(Note: for the avoidance of confusion, this is not the same starfighter class as Raymond McVay has been posting over on the G+ fan community; so don’t be confused by the differences…)
“It looks like a blueberry croissant.”
“Blueberry croissant… of DEATH!”
– overheard at Golden Groves (Principalities) starport
HORNÉD MOON-CLASS STARFIGHTER
Operated by: Empire of the Star (Imperial Navy, Imperial State Security, & Imperial Exploratory Service; reliable UARC-sponsored mercenaries)
Type: Starfighter, Orbital and Near-Space Operations
Construction: Ashen Planitia Fleet Yards
Length: 24.8 m
Beam: 60.4 m
Gravity-well capable: Yes
Atmosphere capable: Yes (depending on loadout)
Personnel: 2 nominal, as follows:
Flight Commander / Sailing Master
Flight Engineer
AI expert system support.
(Can operate with a single pilot.)
Additional life support capacity exists to support four passengers in addition, although this requires hot-bunking in three shifts.

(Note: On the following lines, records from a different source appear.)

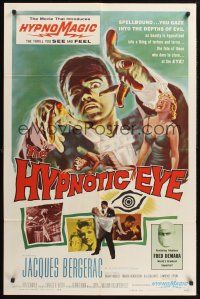 1a474 HYPNOTIC EYE 1sh '60 Jacques Bergerac, cool hypnosis art, stare if you dare!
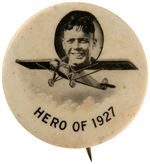 LINDBERGH SCARCE BUTTON PLUS RARE "LINDBERGH DAY" TICKET.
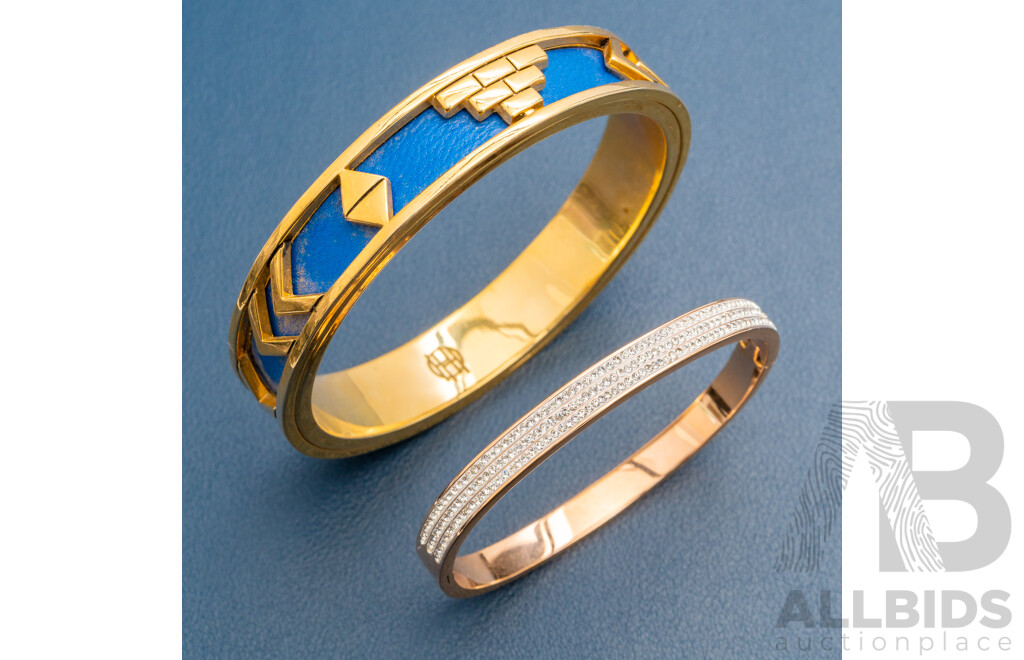 Vintage House of Harlow 1960 Aztec Bangle, Blue/gold Tone & Rose Tone Diamonte Hinged Bangle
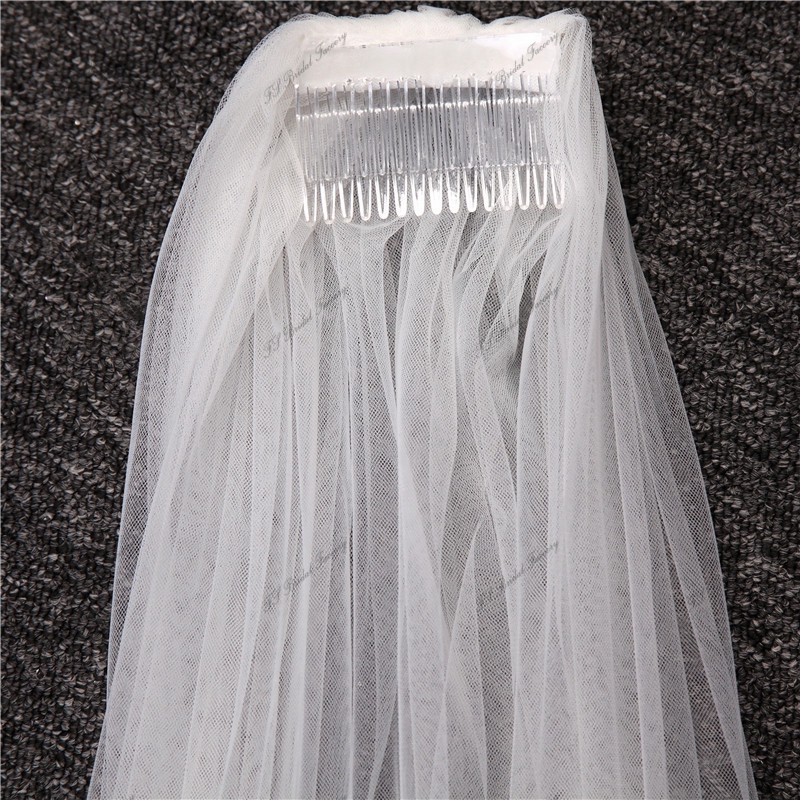 One Tier Chapel Bridal Accessories Veils With Comb
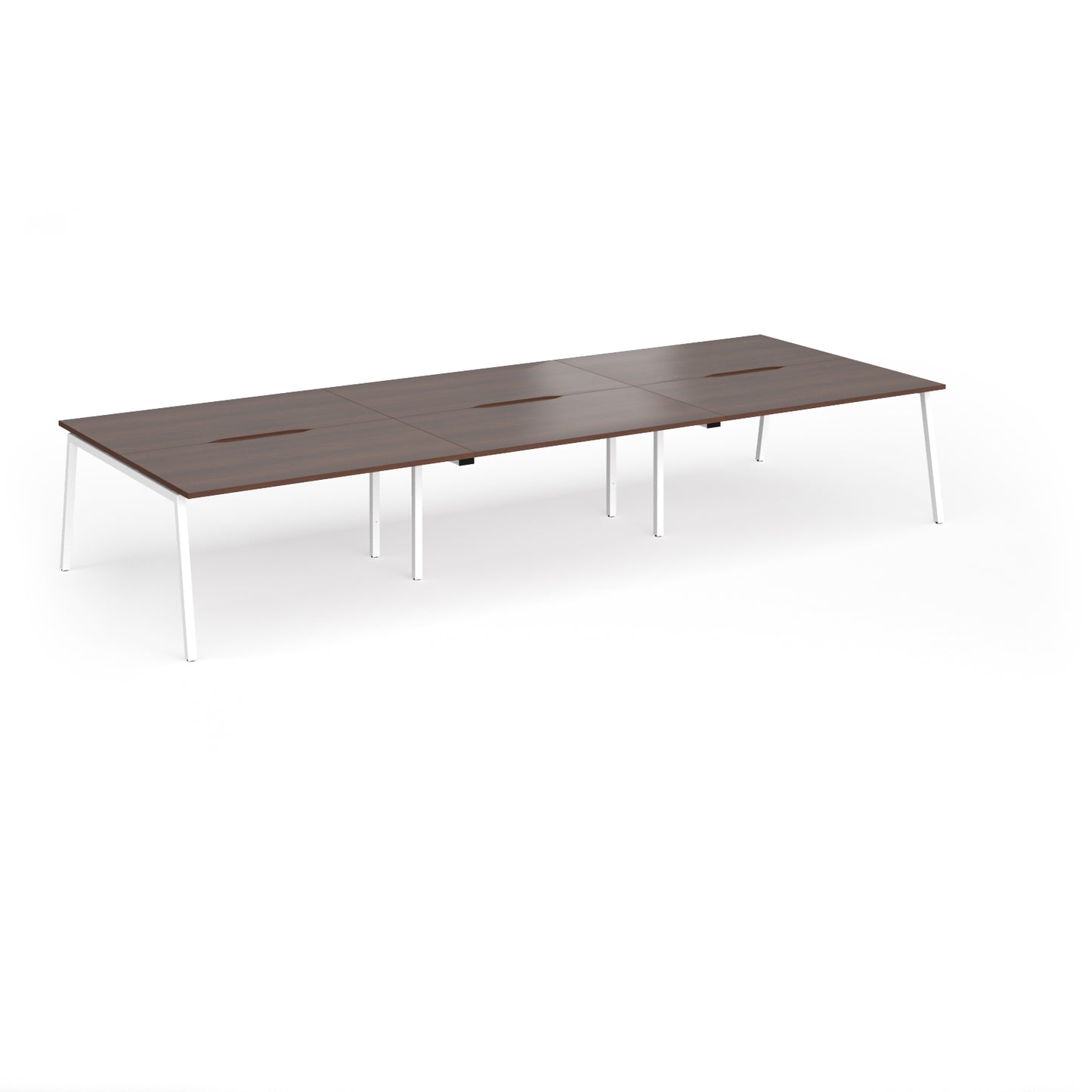 Connex Plus Angled Frame Triple Back to Back Desks - ACO4216-WH-W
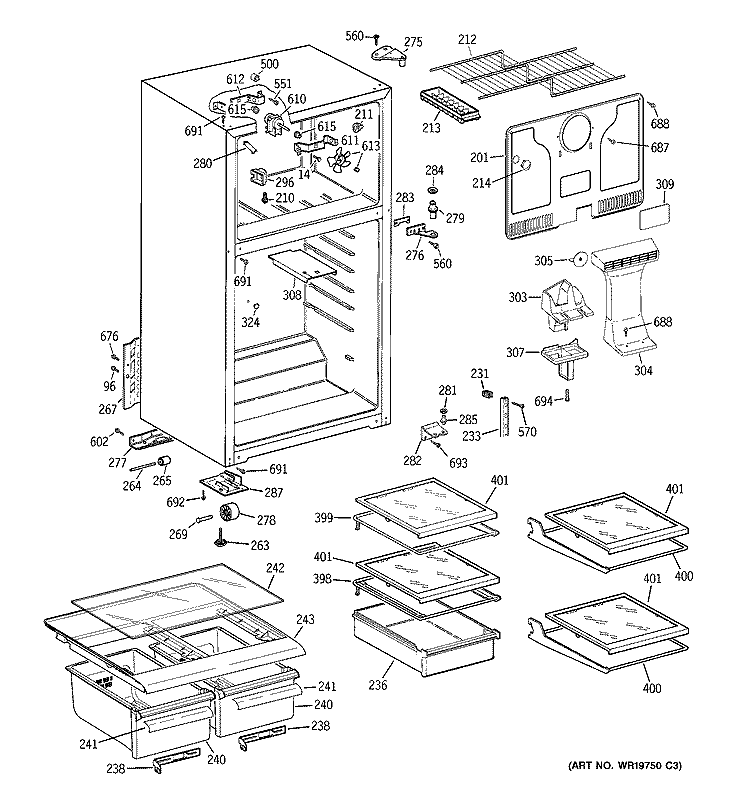 CABINET Diagram and Parts List for GTS17KBSARCC  General Electric Refrigerator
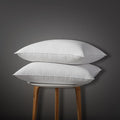 Globon Luxury Down Pillows King Size Set of 2 for Side Sleepers, 100% Cotton Shell Hotel Collection Bed Pillows for Sleeping, Firm Down Surrounded Feather Pillow 20" x 36"
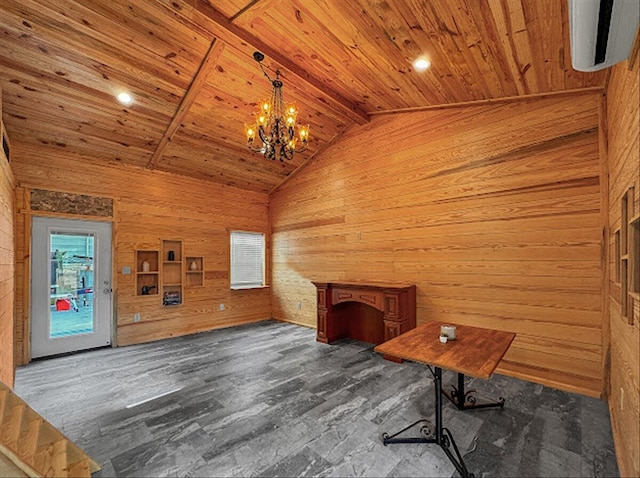 178 Osage Dr, Defuniak Springs, FL 32433 - unfurnished office with vaulted ceiling with beams, wooden ceiling, and wood walls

Drive: Nucleodyne Thrust Applications 2×1 “Little Sparky” antimatter-catalyzed fusion torch drive
Propellant: Deuterium slush / metallic antideuterium
Cruising (sustainable) thrust: 10.2 standard gravities (9.6 Earth G)
Peak (unsustainable) thrust: 14.0 standard gravities (13.2 Earth G)
Maximum velocity: 0.3 c (based on particle shielding)
Drones:
4 x hardpoint mountings for AKVs, typically Slasher-class
(Hardpoint mountings can also hold single-legionary drop pods, Piton-class, or covert ops equivalents.)
Sensors:
1 x standard navigational sensor suite, Cilmínar Spaceworks
1 x enhanced passive tactical sensor suite, miniature, Sy Astronautic Engineering Collective
1 x enhanced-resolution planetary surface-scan sensor suite, Imperial Exploratory Service (spec.)
Weapons:
“Flyswatter” point-defense laser grid, Artifice Armaments
Other Systems:
Artifice Armaments cyclic kinetic barrier system
Cilmínar Spaceworks Mark III long-duration canned/semi-regenerative life support
3 x Bright Shadow EC-780 information furnace data systems
Ashen Planitia 1-SF vector-control core and associated technologies
Cilmínar Spaceworks high-capacity thermal sinks and integrated radiator system
Aleph Null Systems tactical communications suite
Small craft:
None.
The Hornéd Moon-class is a small starfighter intended for fast attack and fast insertion missions in planetary orbit and deploying to the surface. As such, it has atmospheric capability, and even the ability to land.
In overall form, it resembles – as the quotation indicates – a croissant or crescent moon of flying-wing conformation, with the thin “inside” edge of the crescent facing forward. The two forward-facing points of the crescent are rounded, and rise to a near-cylinder at the for’ard end, and a rectangular section of the central section is “humped” at the rear; this contains the drives, whose nozzles protrude from this rectangular shroud aft.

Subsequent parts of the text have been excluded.